Евгений Осетров в «Литгазете» упрекал Окуджаву в подражании сарояновскому роману «Приключения Весли Джексона»: оттуда, мол, перенята интонация простачка на войне. На самом деле прочитать «Приключения Весли Джексона» стоит хотя бы для того, чтобы по контрасту оценить новаторство Окуджавы: Сароян написал обычный плутовской роман, отсылающий к «Швейку», его придурковатый, но добрый герой не имеет ничего общего с трагическим романтиком, от чьего лица рассказан «Школяр», и абсурд войны у Окуджавы куда грозней сарояновского безобидного гротеска.

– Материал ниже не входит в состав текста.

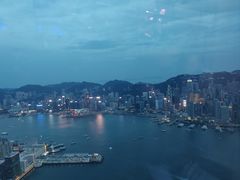 -OZONE 顶楼酒吧(香港丽思卡尔顿酒店)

Если и есть у этих сочинений нечто общее, то разве что сцена бритья, когда герой, глядя в зеркало, находит свою внешность чрезвычайно отталкивающей.

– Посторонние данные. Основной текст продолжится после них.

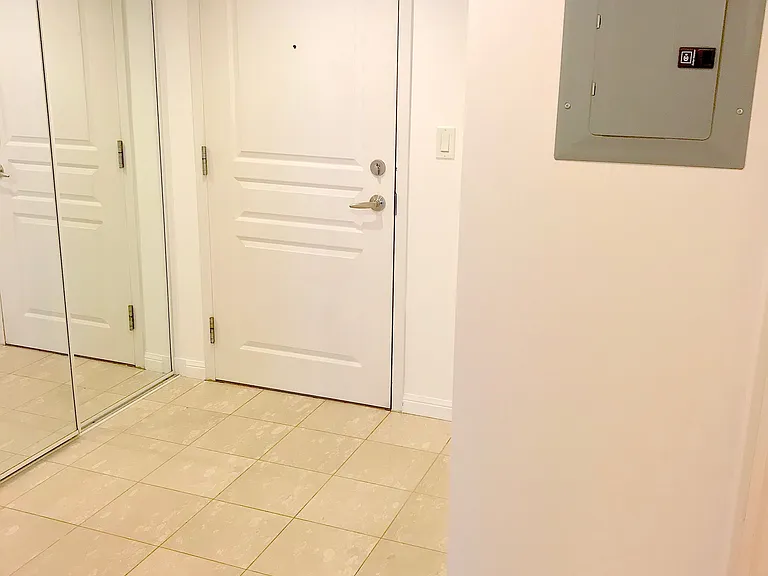140 Simcoe St #610 — Photo 2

«Литература и жизнь», известная в литературных кругах под названием «ЛиЖи», пальнула громче, назвав «Школяра» «одной из самых явных неудач сборника»: «Повесть невероятно мелка, в ней нет и намека на смысл и идеи справедливой войны». Дальше герою достается упрек в эгоцентризме, а его сущность названа «потребительской» – вероятно, потому, что он все время голоден, а должен, сволочь, думать о Родине! Подключилась «Красная звезда», профессионально нашедшая в повести фактические ляпы: генерал приехал на НП командира батареи на «виллисе»! Не могло этого быть, ни на каком участке фронта. «Коммунист» упрекнул Окуджаву в оскорблении памяти погибших. Это оскорбление критик усмотрел в предисловии: «Это о том, как я воевал. Как меня убить хотели, но мне повезло. Я уж и не знаю, кого мне за это благодарить. А может быть, и некого». Оказывается, Окуджаве следует благодарить «тех, кто своей смертью спас живущих сегодня, в том числе и его самого».

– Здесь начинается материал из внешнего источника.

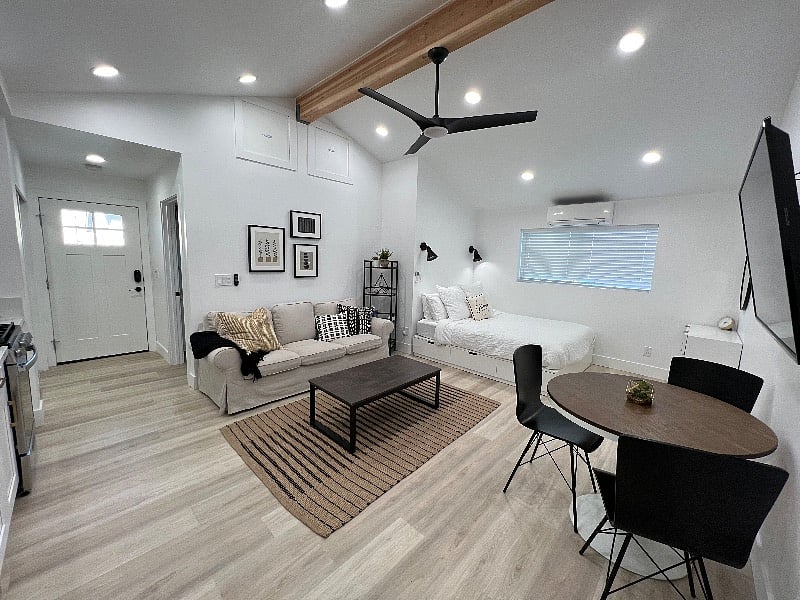 Furnished Finder property 374742_1 photo 24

Другие, более сдержанные рецензенты ставили в вину Окуджаве то, что война в его изображении – просто война, а смерть – просто смерть; тогда как война – наша, особенная, и смерть – советская, героическая. Впоследствии, как мы увидим, ту же претензию предъявит ему рецензент его первого сценария «Пусть всегда будет солнце». «Не показав общественной природы характера героя, автор, так сказать, предоставил слово его биологической природе, проявляющейся у персонажа в тяжких военных условиях как животный инстинкт самосохранения» (П. Николаев). Откуда они взяли этот штамп насчет того, что школяром владеет исключительно страх? Тоска по маме, сожаление о непрожитой жизни, обо всем, чего он не увидел и не сделал – это тоже биологическая природа? Брезгливость при виде немецкой ложки, оказавшаяся сильнее голода, – тоже биология? Добровольцем на фронт его инстинкт самосохранения погнал? Все эти авторы не замечают, как уподобляются столь узнаваемому, хоть и вымышленному, герою «Школяра», его коммунальному соседу Петру Лаврентьевичу Любимову (такой персонаж появится потом и в сценарии «Арбат, мой Арбат», – сосед Семибратов, который все корит Леньку Королева за нежелание пасть смертью храбрых; причем у Леньки в кармане повестка на завтра, а Семибратов останется в тылу). «Ты Родину-то любишь?» – спрашивает он школяра. И школяр отвечает ему с вызовом: «Люблю. Этому меня еще в первом классе научили».